Each line from the first entry to the line with "Font poster", both included, is to be returned unchanged, with any pictures dropped.

◆ ◆ ◆ ◆ ◆

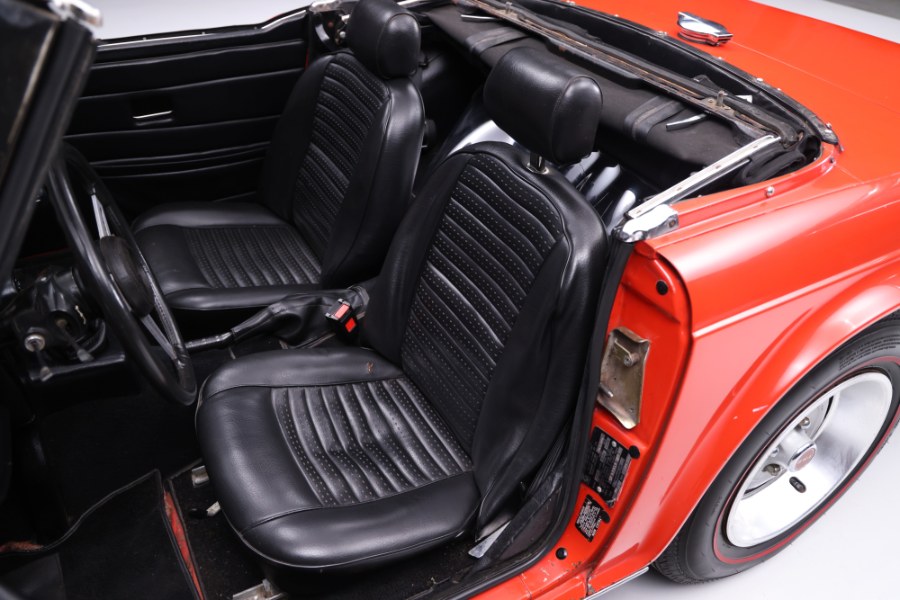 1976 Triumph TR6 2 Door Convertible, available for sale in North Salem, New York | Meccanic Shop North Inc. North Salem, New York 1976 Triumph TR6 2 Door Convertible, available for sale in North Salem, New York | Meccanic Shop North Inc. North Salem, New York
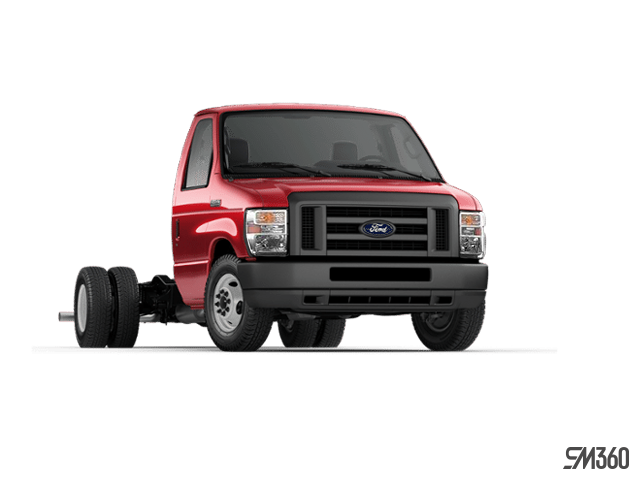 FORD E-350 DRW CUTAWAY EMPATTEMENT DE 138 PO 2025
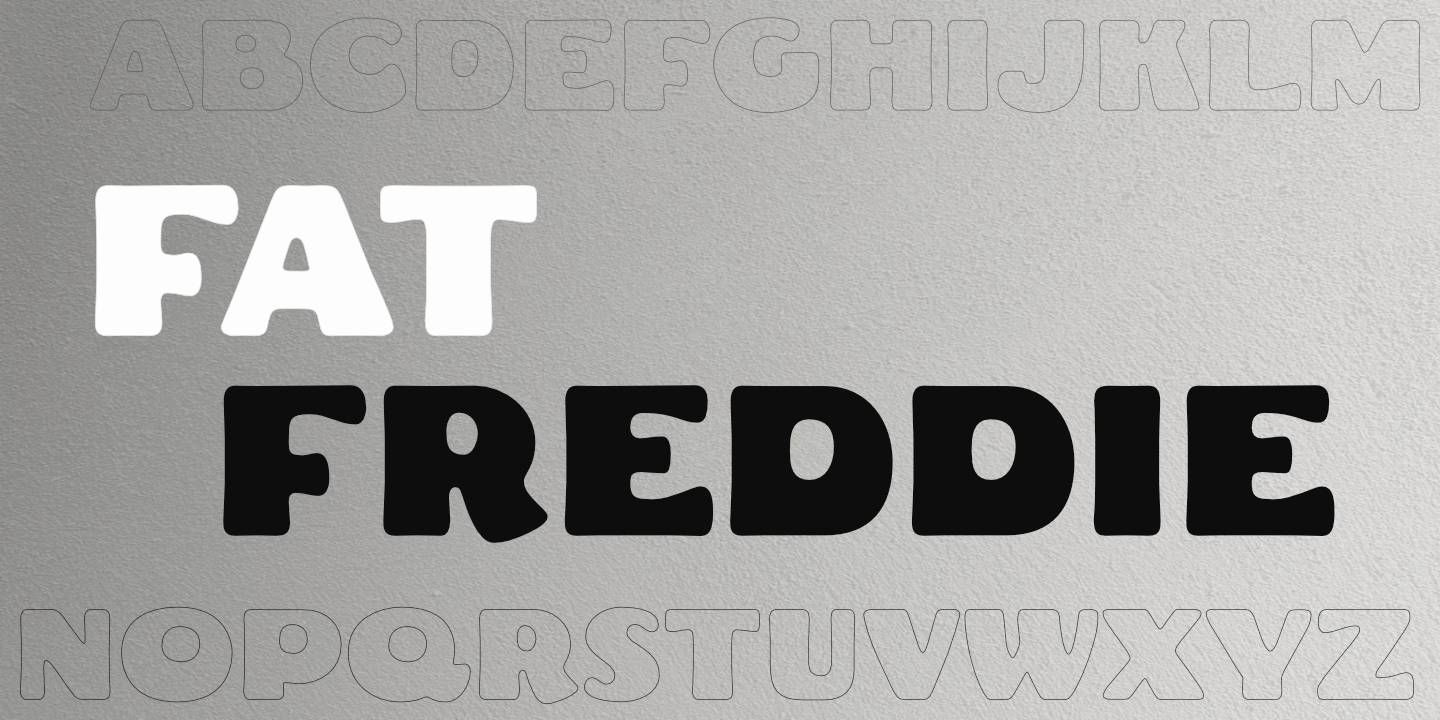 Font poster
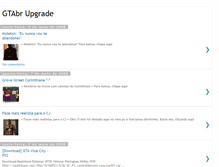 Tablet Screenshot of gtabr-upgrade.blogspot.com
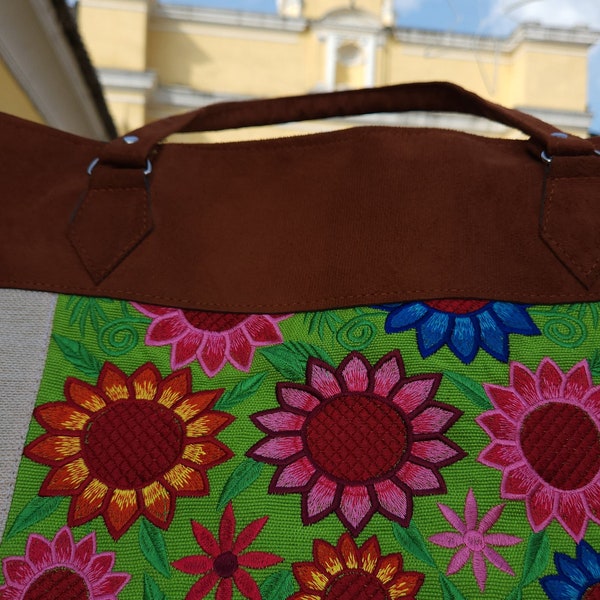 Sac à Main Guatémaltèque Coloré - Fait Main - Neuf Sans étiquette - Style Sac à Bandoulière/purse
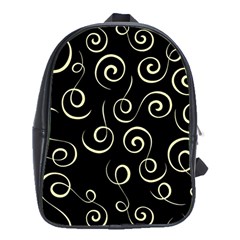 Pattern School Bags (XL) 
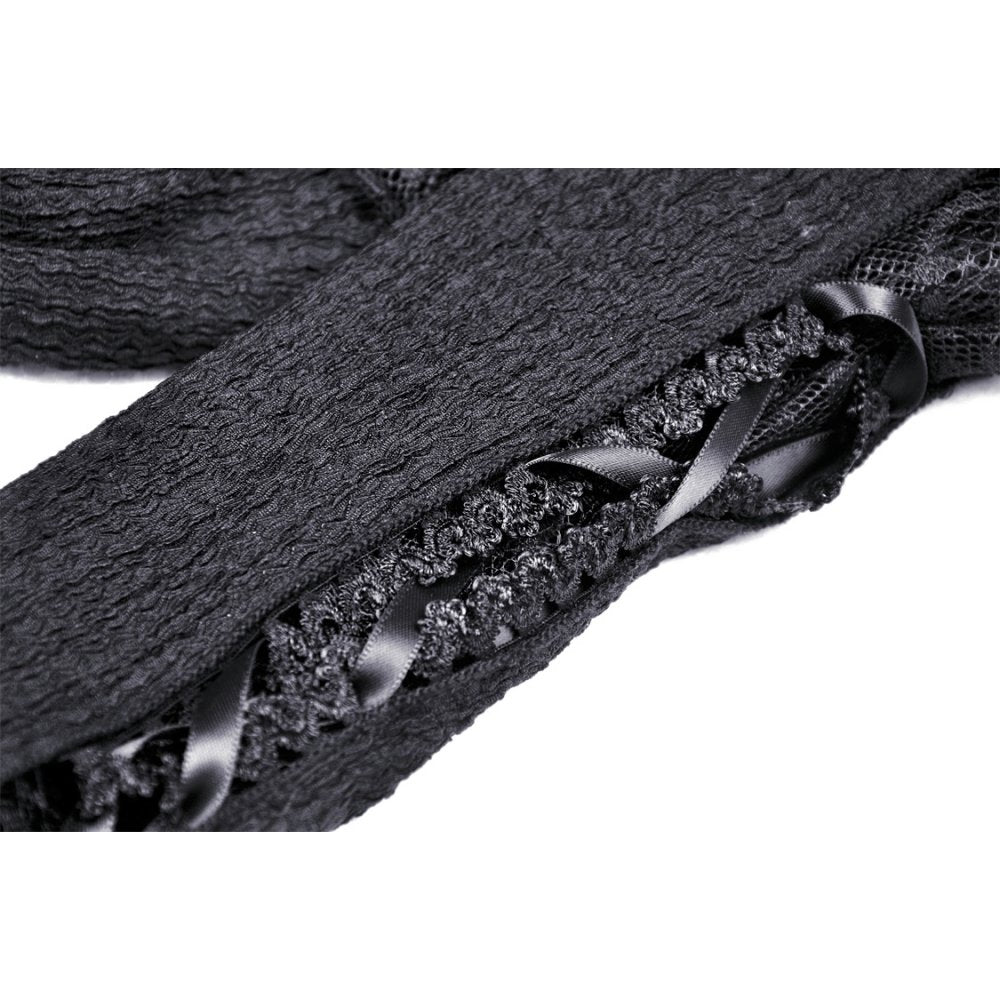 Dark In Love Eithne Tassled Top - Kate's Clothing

◆ ◆ ◆ ◆ ◆

Final answer:
 1976 Triumph TR6 2 Door Convertible, available for sale in North Salem, New York | Meccanic Shop North Inc. North Salem, New York 1976 Triumph TR6 2 Door Convertible, available for sale in North Salem, New York | Meccanic Shop North Inc. North Salem, New York
 FORD E-350 DRW CUTAWAY EMPATTEMENT DE 138 PO 2025
 Font poster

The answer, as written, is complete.